Problem -> Print each line below verbatim, skipping every picture.

Supplied material ->

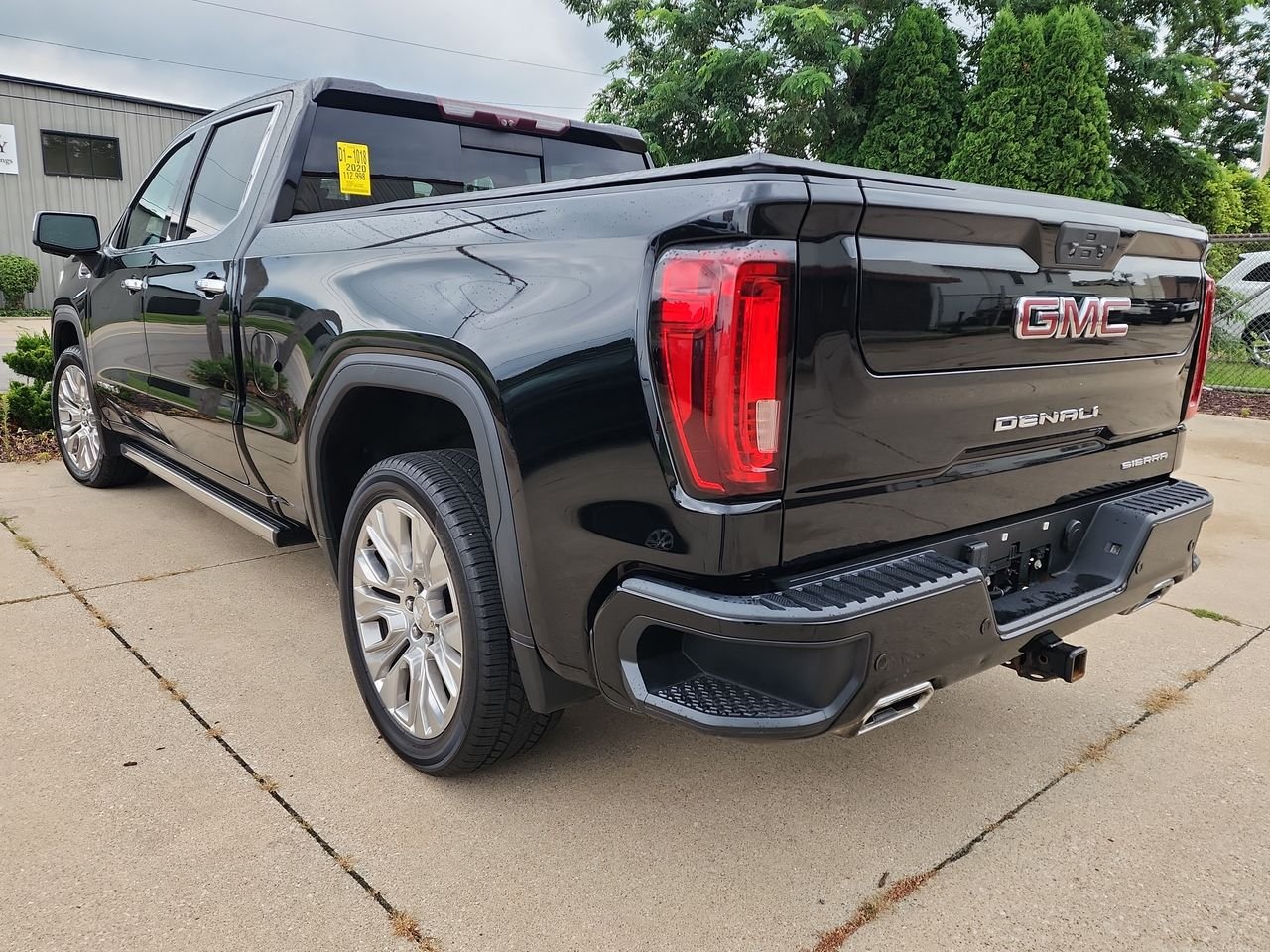 Used 2020 Onyx Black GMC Denali image 3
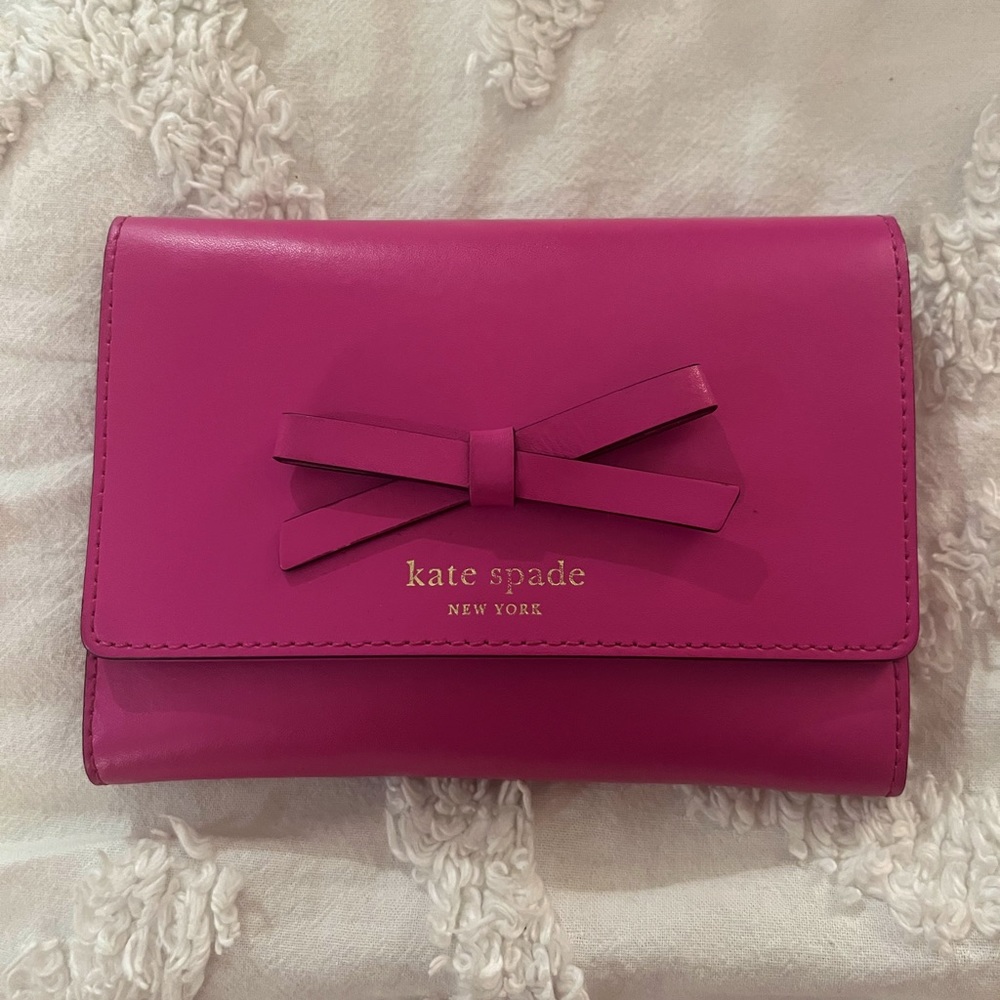 Kate Spade Pink Bow Wallet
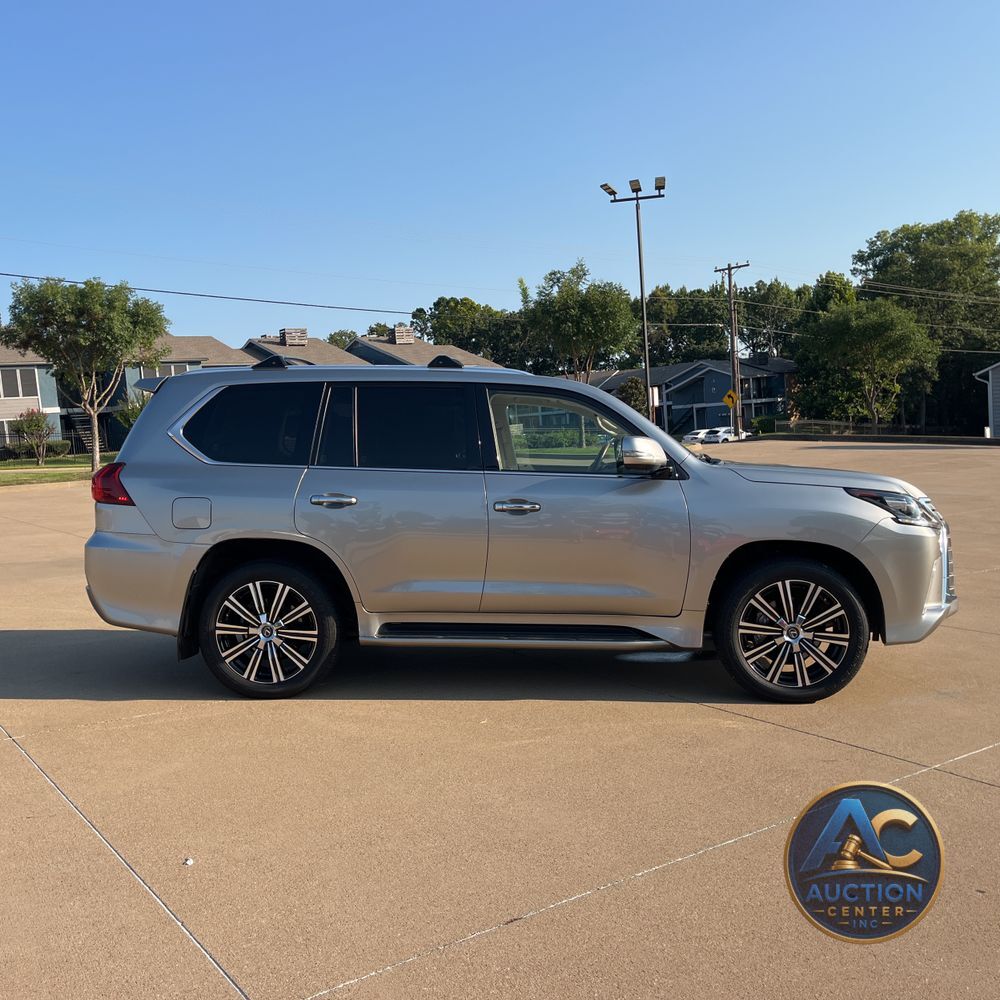 2020 Lexus LX 570 Three-Row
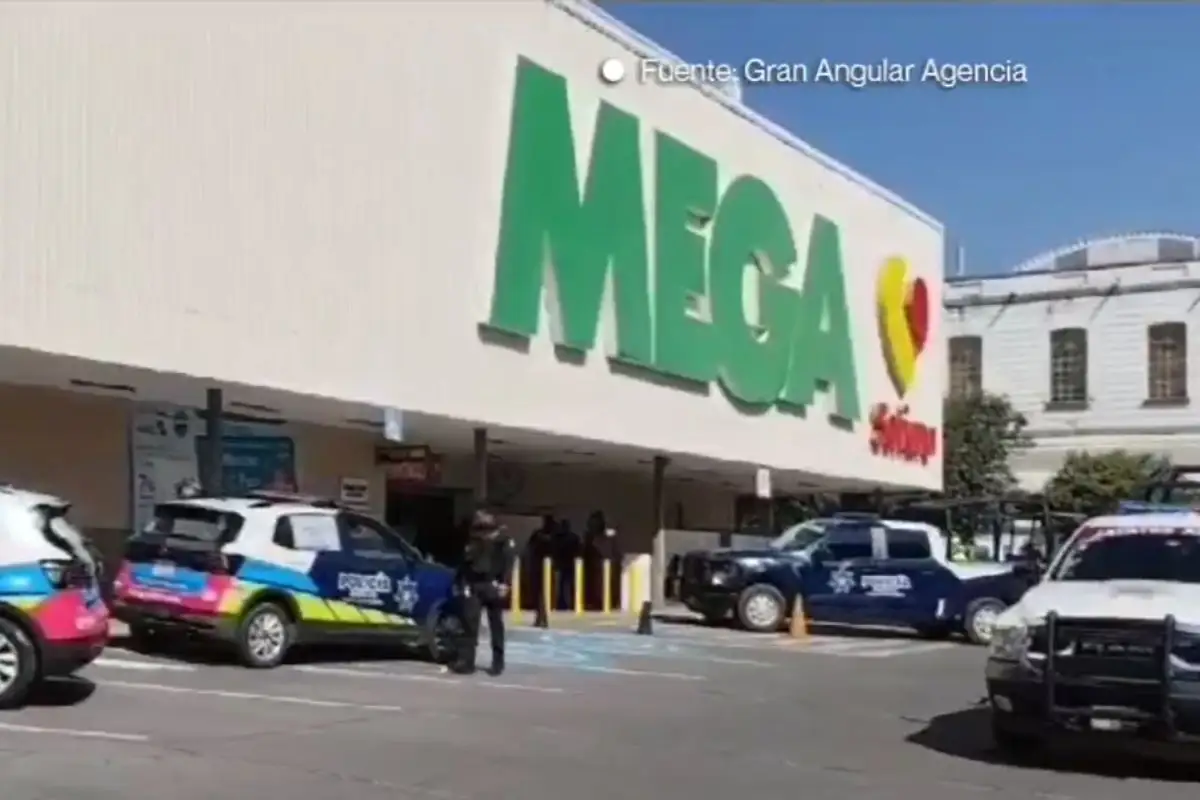 Mal día para Soriana: ahora, asaltan sucursal del Centro de Puebla y reportan disparos 1 Reportan balacera en asalto a Soriana del Centro de Puebla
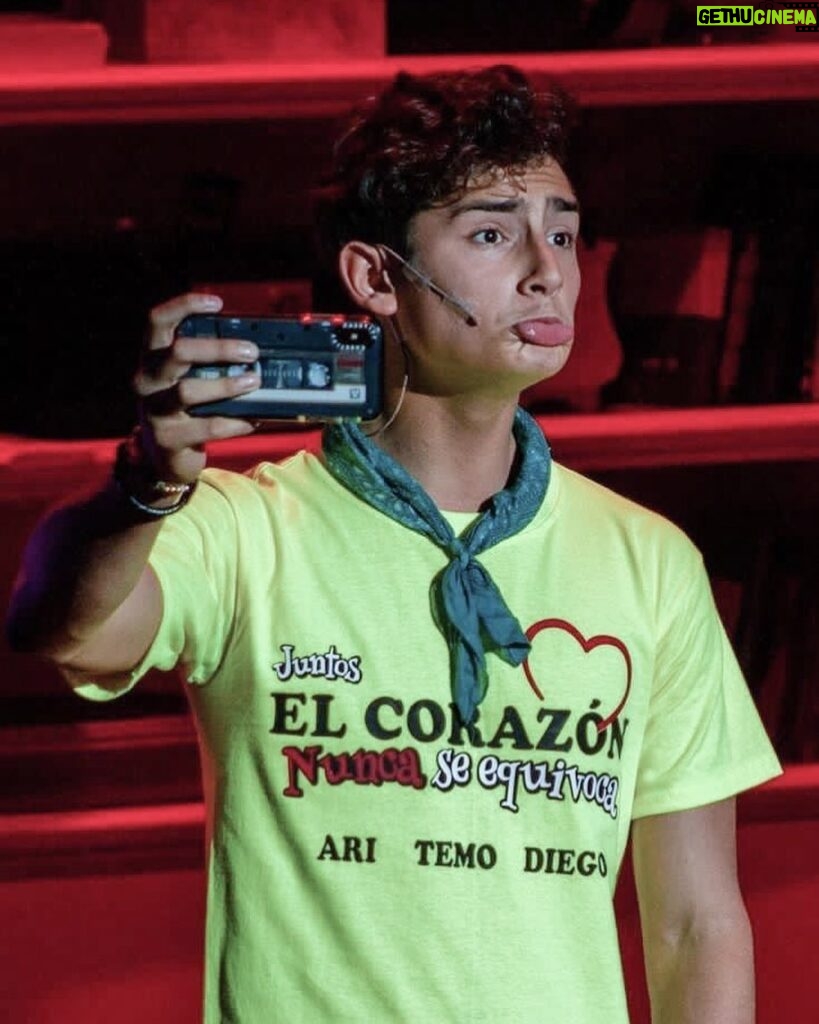Emilio Osorio Instagram - Pueden creer que este bebé ya va a cumplir 18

Solved problem ->
 Used 2020 Onyx Black GMC Denali image 3
 Kate Spade Pink Bow Wallet
 2020 Lexus LX 570 Three-Row
 Mal día para Soriana: ahora, asaltan sucursal del Centro de Puebla y reportan disparos 1 Reportan balacera en asalto a Soriana del Centro de Puebla
Emilio Osorio Instagram - Pueden creer que este bebé ya va a cumplir 18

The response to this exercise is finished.